• _Exercise details_:
Before copying, set the images aside; then transcribe every entry below exactly.

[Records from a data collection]
----------

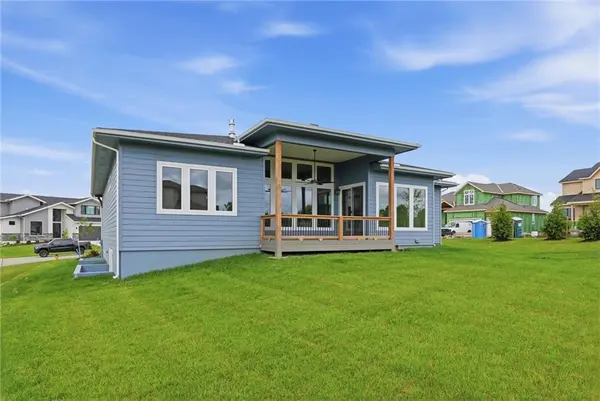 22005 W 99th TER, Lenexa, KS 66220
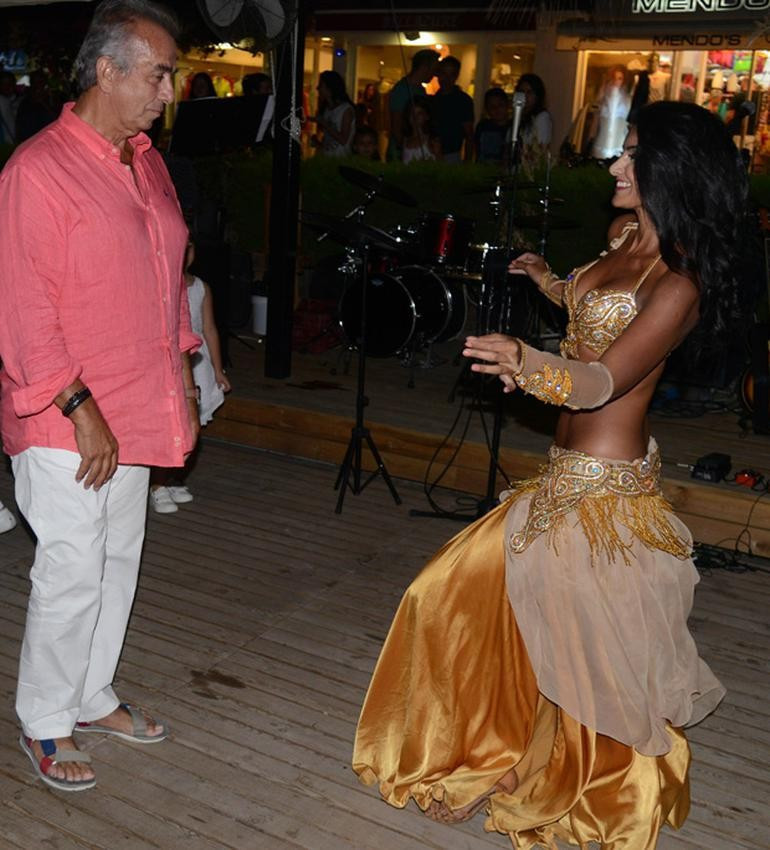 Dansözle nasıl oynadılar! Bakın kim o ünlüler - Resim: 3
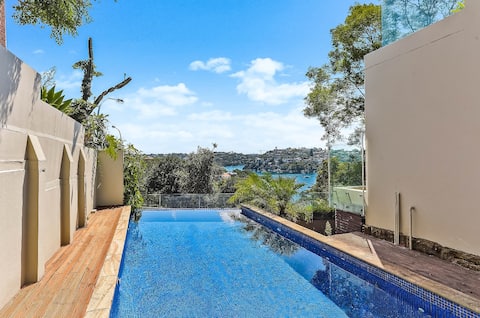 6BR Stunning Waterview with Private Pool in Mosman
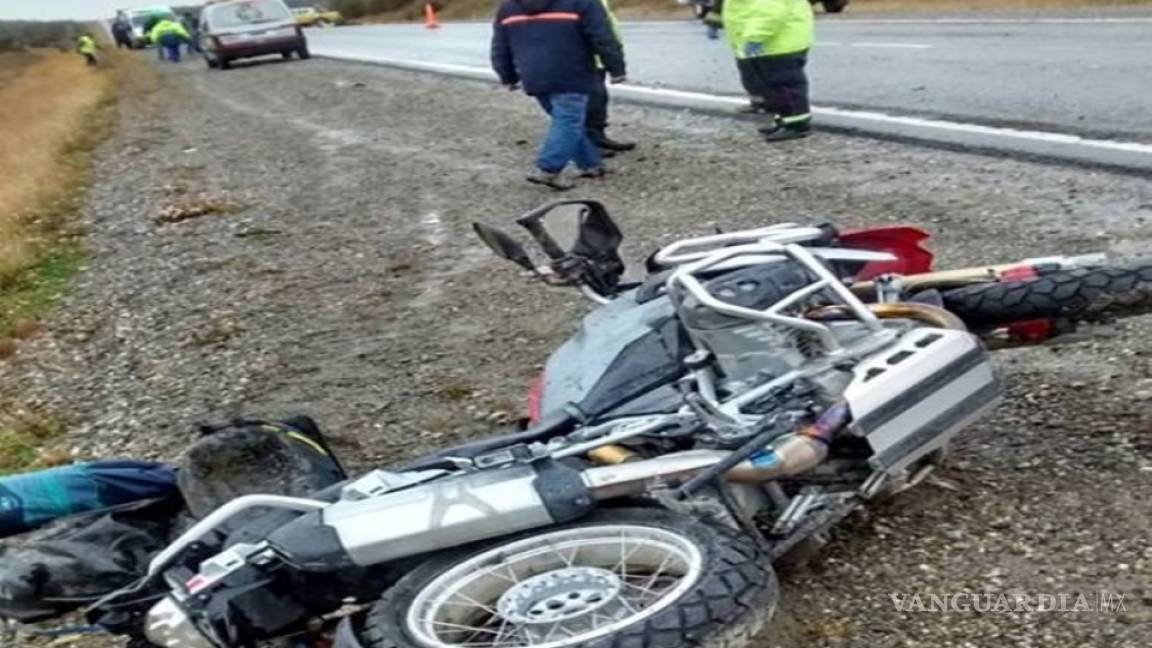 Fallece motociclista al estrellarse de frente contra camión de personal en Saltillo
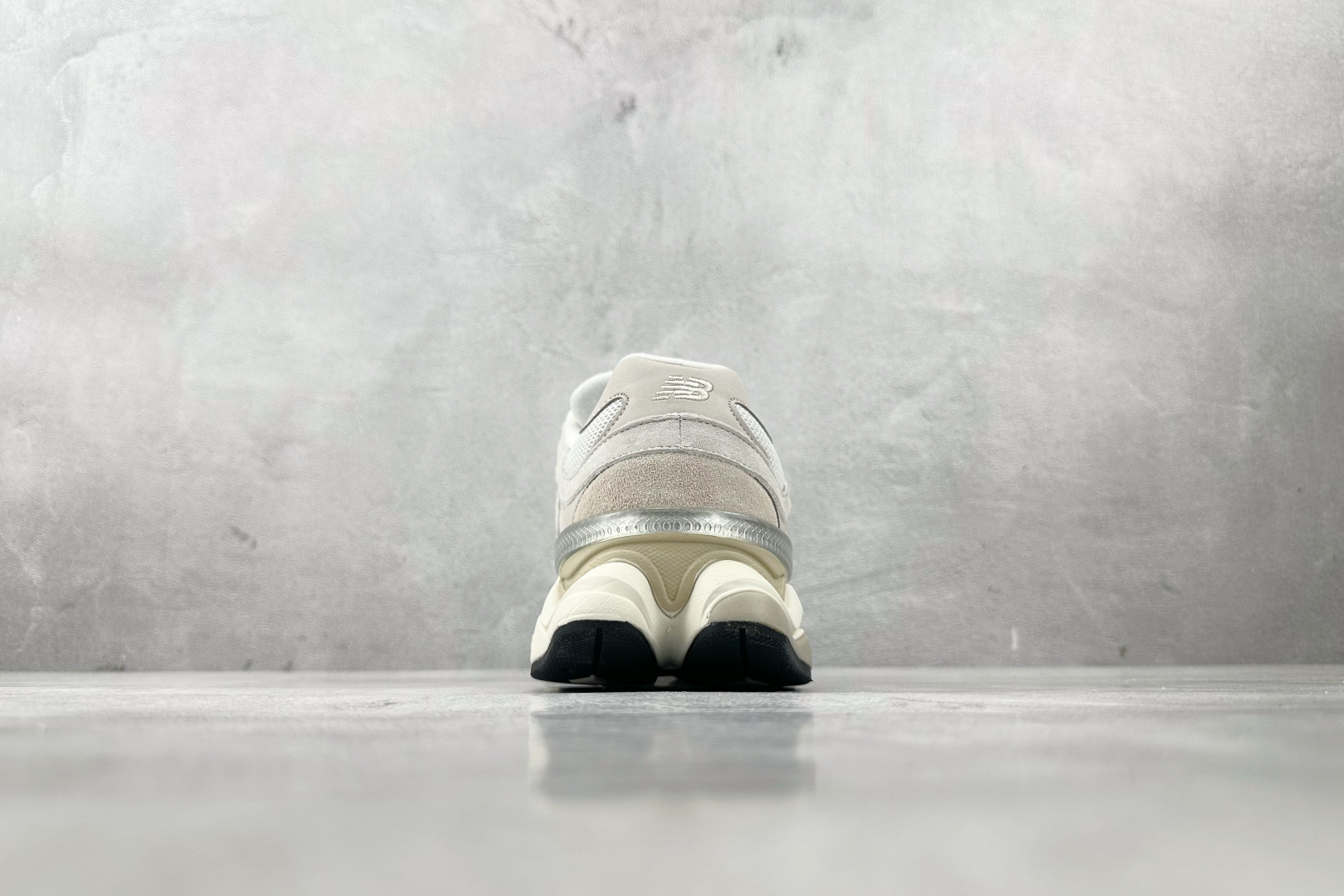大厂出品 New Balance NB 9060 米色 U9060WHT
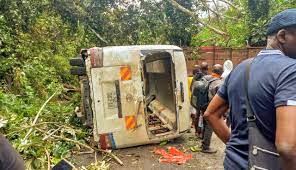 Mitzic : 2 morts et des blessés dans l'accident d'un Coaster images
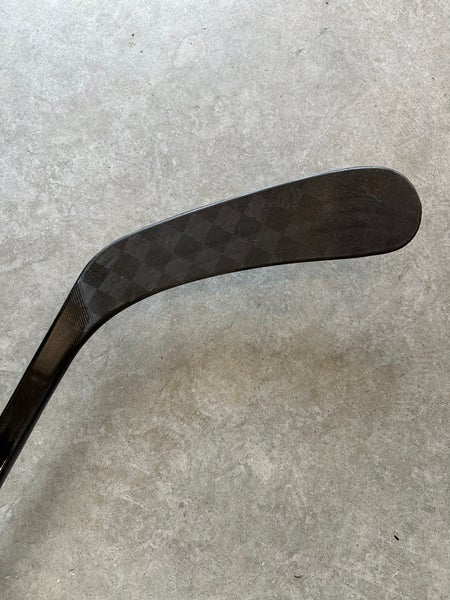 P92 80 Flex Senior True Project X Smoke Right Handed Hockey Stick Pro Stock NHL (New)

----------

• _Exercise answer_:
 22005 W 99th TER, Lenexa, KS 66220
 Dansözle nasıl oynadılar! Bakın kim o ünlüler - Resim: 3
 6BR Stunning Waterview with Private Pool in Mosman
 Fallece motociclista al estrellarse de frente contra camión de personal en Saltillo
大厂出品 New Balance NB 9060 米色 U9060WHT
 Mitzic : 2 morts et des blessés dans l'accident d'un Coaster images
 P92 80 Flex Senior True Project X Smoke Right Handed Hockey Stick Pro Stock NHL (New)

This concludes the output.